Tuesday, March 11, 2014
The Associated Press
PORTLAND — U.S. Sen. Angus King quoted philosophers, Founding Fathers and presidents in making his first speech from the floor on Wednesday and touched on the nature of conflict and the need for lawmakers to rise above it to act in the best interests of the American people.
This video frame grab provided by Senate Television shows Sen. Angus King, I-Maine speaking on the floor of the Senate on Capitol Hill in Washington, Wednesday, April 24, 2013. (AP Photo/Senate Television)
Calling for bipartisan action, the independent former governor from Maine told his fellow senators that the greatest accomplishments of the Senate and the federal government were rarely won by a single party.
"They were based on hard-fought battles and grudging compromise, recognition of national needs along with local interests, and a willingness to honor our most basic charge 'to form a more perfect union,'" he said, quoting the preamble of the Constitution. "I hope in a small way to contribute to this."

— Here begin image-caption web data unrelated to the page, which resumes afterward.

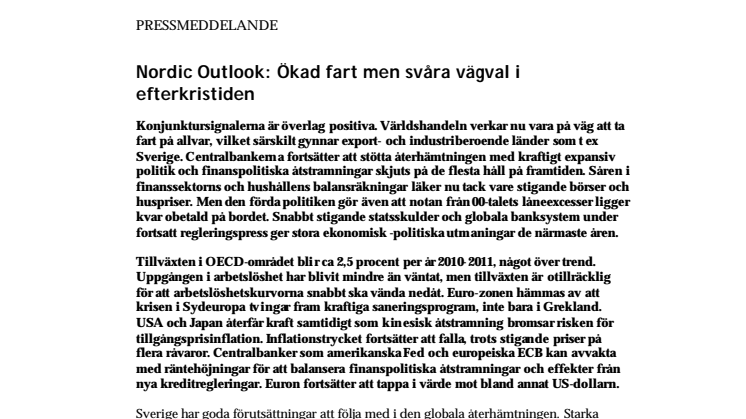 Nordic Outlook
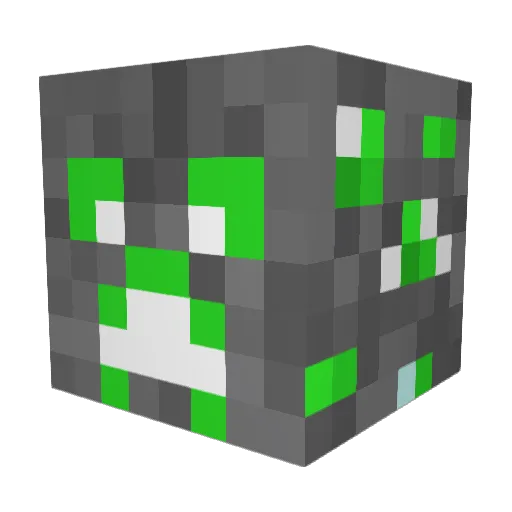 FIN_THE_GIANT Minecraft avatar head, 3D render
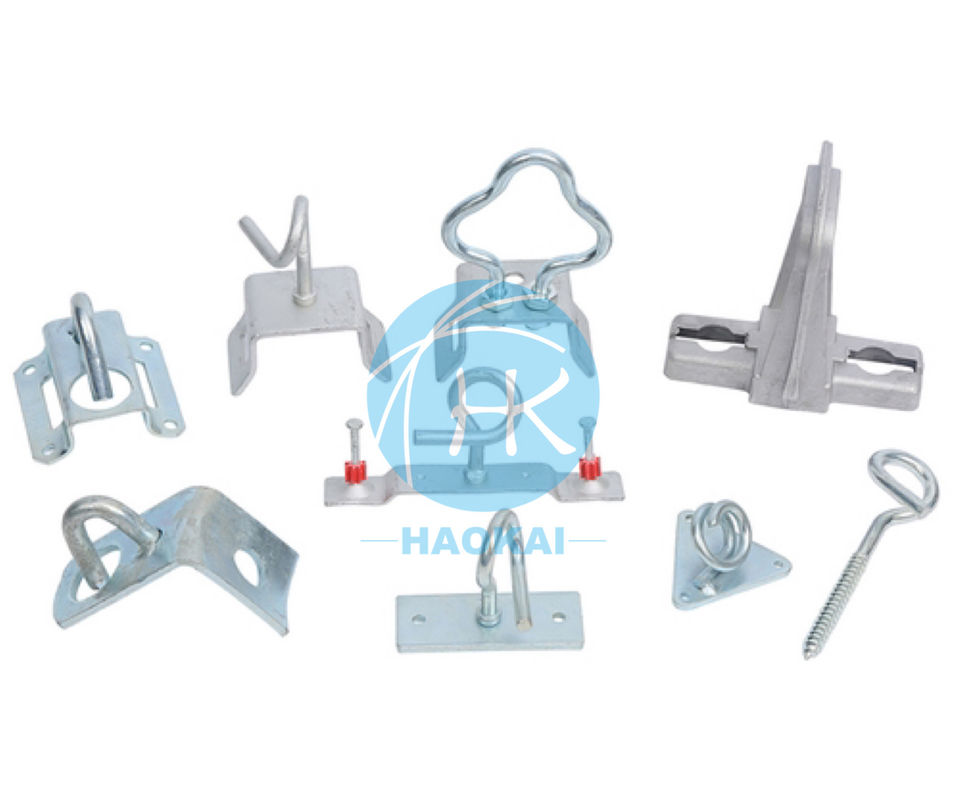 FTTH Heavy Duty Clamp Overhead Aerial Galvanized C lub S Type Wall Mounted Cable Hook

King, who caucuses with Democrats, campaigned for the seat vacated by former Republican Sen. Olympia Snowe on the theme that the Senate is broken and he wanted to serve as a bridge between the parties.

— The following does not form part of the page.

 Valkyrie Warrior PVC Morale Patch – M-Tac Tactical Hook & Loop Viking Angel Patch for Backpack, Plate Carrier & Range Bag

The former lecturer at Bowdoin College struck a professorial tone as he quoted humorist and author Mark Twain, journalist Bill Moyers, President Abraham Lincoln, the British philosopher Lord Acton, and Thomas Jefferson to make his points.

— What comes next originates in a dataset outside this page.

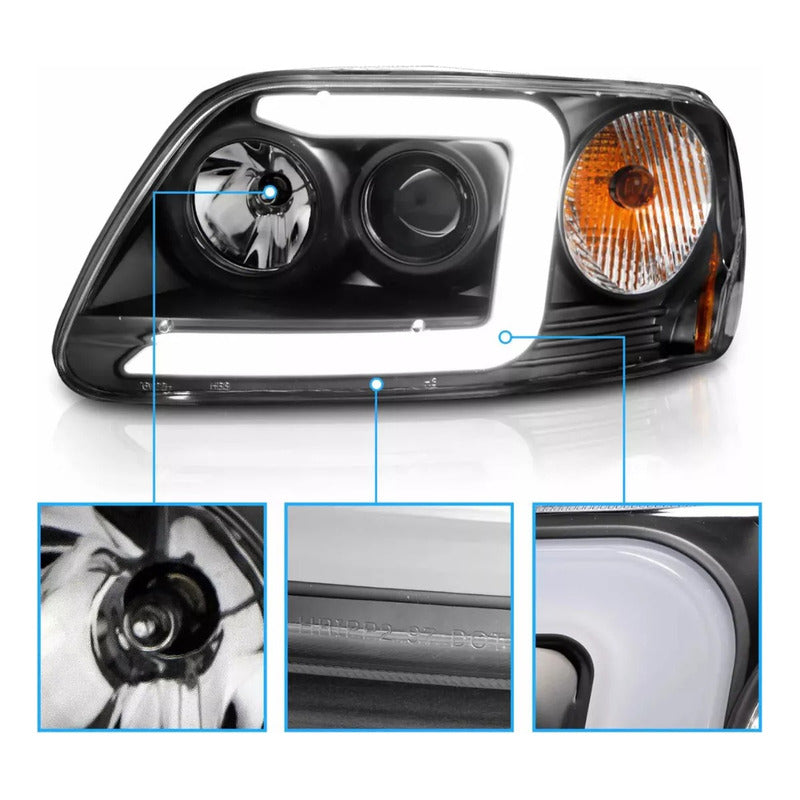 Par De Faros Led F-150 1997 1998 1999 2000 2001 2002 2003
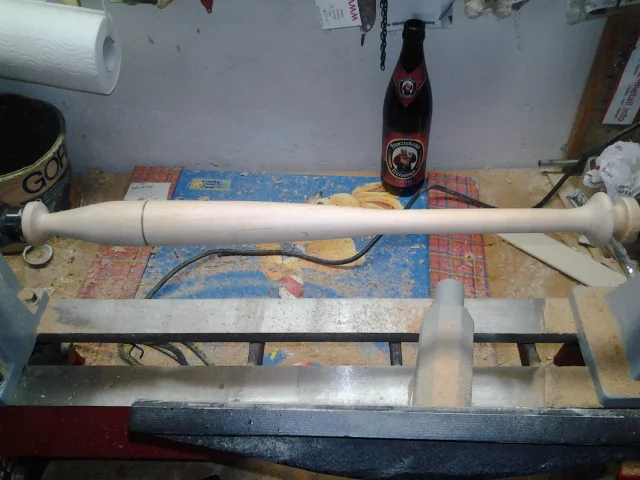 Gedrechselter Rohling aus Zwergen-Erle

Sen. Dick Durbin, D-Ill., praised the freshman senator from Maine afterward, saying "he has an insight into this nation which we should all hear."
Sen. Susan Collins, R-Maine, called it a "fascinating maiden speech" that managed to put modern debates into historical context.
King said "tensions are hardwired into the system" but parties can come together to reach consensus. Talking about inherent conflict in government, King returned to the Civil War president as he ended the speech with a quote from Lincoln's annual message to Congress in 1862:
"The dogmas of the quiet past are inadequate to the stormy present. The occasion is piled high with difficulty, and we must rise with the occasion. As our case is new, so we must think anew and act anew. We must disenthrall ourselves, and then we shall save our country."
The 69-year-old King was Maine's governor for two terms between 1995 and 2003, establishing credentials as someone who could work with both parties. Before that, he spent 18 years as a commentator on the Maine Public Broadcasting Network, reporting and analyzing state public policy issues.
Collins said she appreciated King's reference to Lincoln's encouragement to "think anew and act anew."
"That advice, as Senator King noted, applies today just as surely as it did during President Lincoln's time. We face many challenges ahead, and I look forward to working closely with Senator King to address the needs of our nation and our great state of Maine," she said.